Ecco perché da anni mi batto per il riconoscimento ai genitori del loro diritto a scegliere liberamente, ossia a costo zero, avendo pagato le tasse, la scuola per i loro figli. Il mancato riconoscimento di questo diritto, o meglio, la mancata garanzia del diritto che in realtà è riconosciuto dalla costituzione ha provocato la chiusura delle scuole paritarie, una ferita profonda nei tessuti sociali di tutti i contesti nei quali esse erano inserite: la ferita, tuttavia, è ancora più profonda in quei territori in cui la buona scuola cattolica aperta era un presidio di legalità, era il luogo della relazione sana, era il luogo della riflessione sulla realtà e sul suo futuro. Non a caso, le statistiche parlano chiaro e ci descrivono la realtà di alcuni contesti sempre più caratterizzati da fenomeni di delinquenza. Ed è naturale che così stiano le cose. Una scuola aperta è, dicevamo, un presidio di legalità perché, attraverso la cultura, attraverso i contenuti disciplinari appresi, attraverso le iniziative promosse, i docenti formano i giovani a vivere in società: del resto, il primo elemento che connota la vita in società è il rispetto delle norme, nel piccolo come nel grande. Per converso, altrettanto naturale e ovvia è la constatazione che in quelle regioni in cui sono state avviate politiche di supporto economico alle famiglie per la scelta della scuola e, quindi, a sostegno del pluralismo educativo, i fenomeni di violenza e di criminalità sono nettamente inferiori.

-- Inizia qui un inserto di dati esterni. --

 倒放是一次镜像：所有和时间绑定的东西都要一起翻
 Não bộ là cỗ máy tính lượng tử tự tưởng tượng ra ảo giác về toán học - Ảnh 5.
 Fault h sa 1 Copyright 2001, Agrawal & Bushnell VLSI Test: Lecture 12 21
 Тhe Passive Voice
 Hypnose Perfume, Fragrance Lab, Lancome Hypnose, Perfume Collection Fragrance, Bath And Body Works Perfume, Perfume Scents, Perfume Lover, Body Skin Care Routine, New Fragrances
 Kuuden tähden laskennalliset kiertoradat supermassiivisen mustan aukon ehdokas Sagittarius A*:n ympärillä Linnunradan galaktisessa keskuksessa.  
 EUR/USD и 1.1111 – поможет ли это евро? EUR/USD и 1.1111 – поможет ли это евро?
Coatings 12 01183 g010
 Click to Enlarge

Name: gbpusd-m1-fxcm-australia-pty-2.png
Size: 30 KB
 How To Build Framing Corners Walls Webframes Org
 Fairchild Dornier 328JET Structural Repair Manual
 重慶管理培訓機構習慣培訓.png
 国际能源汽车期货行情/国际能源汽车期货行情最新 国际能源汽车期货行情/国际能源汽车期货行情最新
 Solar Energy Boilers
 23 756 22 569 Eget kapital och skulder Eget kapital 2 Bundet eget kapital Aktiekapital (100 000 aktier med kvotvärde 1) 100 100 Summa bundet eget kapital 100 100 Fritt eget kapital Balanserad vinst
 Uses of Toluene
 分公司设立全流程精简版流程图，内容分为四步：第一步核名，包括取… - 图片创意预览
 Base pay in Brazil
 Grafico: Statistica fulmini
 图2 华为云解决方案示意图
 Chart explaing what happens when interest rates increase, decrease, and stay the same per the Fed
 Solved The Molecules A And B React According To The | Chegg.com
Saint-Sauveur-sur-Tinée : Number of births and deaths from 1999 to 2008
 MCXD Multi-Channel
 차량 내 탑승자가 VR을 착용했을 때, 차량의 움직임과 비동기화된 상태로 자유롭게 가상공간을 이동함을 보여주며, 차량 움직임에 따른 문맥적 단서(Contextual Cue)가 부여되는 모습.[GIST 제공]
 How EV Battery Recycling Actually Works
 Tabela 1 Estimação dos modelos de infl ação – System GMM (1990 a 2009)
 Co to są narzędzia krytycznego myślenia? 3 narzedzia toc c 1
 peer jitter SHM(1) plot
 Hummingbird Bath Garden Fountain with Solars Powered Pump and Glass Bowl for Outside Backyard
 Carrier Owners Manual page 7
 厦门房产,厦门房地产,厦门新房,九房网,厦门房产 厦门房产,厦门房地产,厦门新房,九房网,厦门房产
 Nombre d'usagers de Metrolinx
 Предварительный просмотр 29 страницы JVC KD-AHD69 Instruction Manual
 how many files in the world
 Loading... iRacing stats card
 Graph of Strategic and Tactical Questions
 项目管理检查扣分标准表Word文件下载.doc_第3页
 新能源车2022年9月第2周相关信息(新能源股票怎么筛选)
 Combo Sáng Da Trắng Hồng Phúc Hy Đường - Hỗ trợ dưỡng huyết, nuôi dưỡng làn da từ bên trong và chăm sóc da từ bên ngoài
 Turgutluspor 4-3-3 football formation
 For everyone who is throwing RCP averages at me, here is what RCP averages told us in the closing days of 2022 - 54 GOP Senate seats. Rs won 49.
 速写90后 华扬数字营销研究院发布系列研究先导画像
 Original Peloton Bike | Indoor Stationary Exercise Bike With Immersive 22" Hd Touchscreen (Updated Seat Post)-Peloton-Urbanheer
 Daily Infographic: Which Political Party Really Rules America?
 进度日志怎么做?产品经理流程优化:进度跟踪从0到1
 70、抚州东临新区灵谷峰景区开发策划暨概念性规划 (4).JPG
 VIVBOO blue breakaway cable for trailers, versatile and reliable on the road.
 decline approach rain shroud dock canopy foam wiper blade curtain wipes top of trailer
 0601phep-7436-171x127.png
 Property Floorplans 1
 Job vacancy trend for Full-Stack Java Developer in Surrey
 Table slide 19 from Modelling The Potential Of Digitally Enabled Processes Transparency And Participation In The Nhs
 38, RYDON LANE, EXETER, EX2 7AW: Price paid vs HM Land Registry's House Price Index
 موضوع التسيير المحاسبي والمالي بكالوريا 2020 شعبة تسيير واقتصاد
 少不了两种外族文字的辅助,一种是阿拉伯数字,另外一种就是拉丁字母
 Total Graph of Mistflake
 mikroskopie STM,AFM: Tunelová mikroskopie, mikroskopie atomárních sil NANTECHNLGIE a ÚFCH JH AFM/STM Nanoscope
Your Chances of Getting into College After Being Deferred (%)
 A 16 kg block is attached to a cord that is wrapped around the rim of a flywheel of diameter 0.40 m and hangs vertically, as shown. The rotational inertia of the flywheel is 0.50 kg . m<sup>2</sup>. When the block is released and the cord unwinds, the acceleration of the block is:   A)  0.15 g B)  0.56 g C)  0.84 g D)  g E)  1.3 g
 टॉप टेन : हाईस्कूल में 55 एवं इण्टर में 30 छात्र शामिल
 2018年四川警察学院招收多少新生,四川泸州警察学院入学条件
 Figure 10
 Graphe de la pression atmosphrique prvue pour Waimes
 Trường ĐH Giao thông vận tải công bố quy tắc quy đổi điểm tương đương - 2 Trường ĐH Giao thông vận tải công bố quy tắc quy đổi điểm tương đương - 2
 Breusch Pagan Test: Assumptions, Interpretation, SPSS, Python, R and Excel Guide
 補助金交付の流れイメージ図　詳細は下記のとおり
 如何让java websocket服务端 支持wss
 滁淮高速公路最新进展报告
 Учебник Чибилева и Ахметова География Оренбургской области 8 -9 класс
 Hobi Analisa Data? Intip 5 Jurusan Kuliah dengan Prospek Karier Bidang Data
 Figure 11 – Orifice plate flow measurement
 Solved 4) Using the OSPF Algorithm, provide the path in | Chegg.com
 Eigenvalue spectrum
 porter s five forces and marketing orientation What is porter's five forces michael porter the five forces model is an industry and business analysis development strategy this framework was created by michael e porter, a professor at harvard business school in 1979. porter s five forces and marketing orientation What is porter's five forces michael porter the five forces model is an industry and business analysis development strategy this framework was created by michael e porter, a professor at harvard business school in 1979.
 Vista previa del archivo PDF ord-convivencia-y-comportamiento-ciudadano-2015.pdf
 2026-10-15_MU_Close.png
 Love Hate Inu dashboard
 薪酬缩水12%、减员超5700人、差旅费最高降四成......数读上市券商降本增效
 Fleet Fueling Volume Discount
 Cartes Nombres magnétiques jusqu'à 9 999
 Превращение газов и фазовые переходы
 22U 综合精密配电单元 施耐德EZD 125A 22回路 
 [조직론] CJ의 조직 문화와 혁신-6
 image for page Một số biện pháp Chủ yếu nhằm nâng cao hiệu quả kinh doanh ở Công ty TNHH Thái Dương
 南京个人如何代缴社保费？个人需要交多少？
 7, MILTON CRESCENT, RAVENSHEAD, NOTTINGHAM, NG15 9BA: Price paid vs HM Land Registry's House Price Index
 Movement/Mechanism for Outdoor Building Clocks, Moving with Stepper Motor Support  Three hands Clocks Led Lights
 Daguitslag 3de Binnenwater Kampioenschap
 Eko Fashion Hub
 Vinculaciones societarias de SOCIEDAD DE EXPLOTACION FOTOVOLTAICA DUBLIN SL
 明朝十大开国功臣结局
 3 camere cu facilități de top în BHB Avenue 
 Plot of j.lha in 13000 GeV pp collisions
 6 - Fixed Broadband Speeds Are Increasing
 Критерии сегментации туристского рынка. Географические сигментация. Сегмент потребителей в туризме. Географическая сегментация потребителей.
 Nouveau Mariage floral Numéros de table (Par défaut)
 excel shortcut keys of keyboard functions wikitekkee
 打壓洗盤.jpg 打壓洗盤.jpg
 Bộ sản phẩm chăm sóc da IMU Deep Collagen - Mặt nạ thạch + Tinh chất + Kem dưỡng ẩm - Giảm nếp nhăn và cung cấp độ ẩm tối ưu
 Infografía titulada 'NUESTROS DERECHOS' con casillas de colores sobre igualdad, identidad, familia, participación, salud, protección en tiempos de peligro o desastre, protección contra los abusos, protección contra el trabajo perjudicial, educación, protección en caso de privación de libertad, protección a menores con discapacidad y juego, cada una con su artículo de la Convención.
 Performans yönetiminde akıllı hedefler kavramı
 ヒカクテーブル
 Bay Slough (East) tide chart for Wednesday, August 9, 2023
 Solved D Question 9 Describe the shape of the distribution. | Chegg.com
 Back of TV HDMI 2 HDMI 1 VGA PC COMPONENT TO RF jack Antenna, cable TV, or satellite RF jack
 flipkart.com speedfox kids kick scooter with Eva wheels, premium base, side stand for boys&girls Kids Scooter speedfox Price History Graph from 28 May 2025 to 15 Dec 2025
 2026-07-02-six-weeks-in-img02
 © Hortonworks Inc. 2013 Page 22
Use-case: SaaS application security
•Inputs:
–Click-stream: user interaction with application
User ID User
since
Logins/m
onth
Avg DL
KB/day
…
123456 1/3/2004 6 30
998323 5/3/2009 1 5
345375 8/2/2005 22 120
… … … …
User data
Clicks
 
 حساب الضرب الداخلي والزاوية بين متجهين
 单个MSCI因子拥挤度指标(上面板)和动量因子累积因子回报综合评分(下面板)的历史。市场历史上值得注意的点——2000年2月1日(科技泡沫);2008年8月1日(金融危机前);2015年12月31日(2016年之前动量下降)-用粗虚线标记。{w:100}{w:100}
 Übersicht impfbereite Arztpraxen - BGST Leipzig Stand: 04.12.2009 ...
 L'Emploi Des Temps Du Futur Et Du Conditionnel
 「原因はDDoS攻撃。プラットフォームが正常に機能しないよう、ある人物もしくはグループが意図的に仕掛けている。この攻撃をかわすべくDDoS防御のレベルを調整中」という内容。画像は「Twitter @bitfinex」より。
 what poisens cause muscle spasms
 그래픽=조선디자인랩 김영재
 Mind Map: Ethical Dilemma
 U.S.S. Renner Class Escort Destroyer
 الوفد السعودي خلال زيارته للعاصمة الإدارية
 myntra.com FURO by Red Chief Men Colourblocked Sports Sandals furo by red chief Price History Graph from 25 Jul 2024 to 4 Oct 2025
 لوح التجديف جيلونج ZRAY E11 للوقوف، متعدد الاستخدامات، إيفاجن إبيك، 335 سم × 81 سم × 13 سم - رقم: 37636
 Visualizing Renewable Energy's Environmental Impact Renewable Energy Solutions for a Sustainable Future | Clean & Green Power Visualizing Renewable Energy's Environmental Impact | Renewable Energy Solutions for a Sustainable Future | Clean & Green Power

Allora, la cultura della giustizia che va dal rispetto di norme semplici alla riflessione sul valore della vita con il rifiuto della violenza in ogni sua forma è e deve rimanere uno degli obiettivi da raggiungere. Occorre, ogni giorno, lavorare per far nascere nei giovani il gusto delle cose belle, dei sentimenti costruttivi, della responsabilità, della conoscenza. Forse le leggi razziali del ‘38 hanno attecchito perché la scuola italiana, asservita al potere, non ha potuto formare giovani a porsi delle domande: nessuno nella classe della signora Liliana Segre si è chiesto il motivo dell’assenza della loro compagna. Occorre lavorare perché il senso della giustizia, intesa come equa divisione tra le parti, come contributo responsabile per il bene della collettività, attecchisca nell’animo dei giovani. Ognuno compia la propria parte, nel piccolo come nel grande.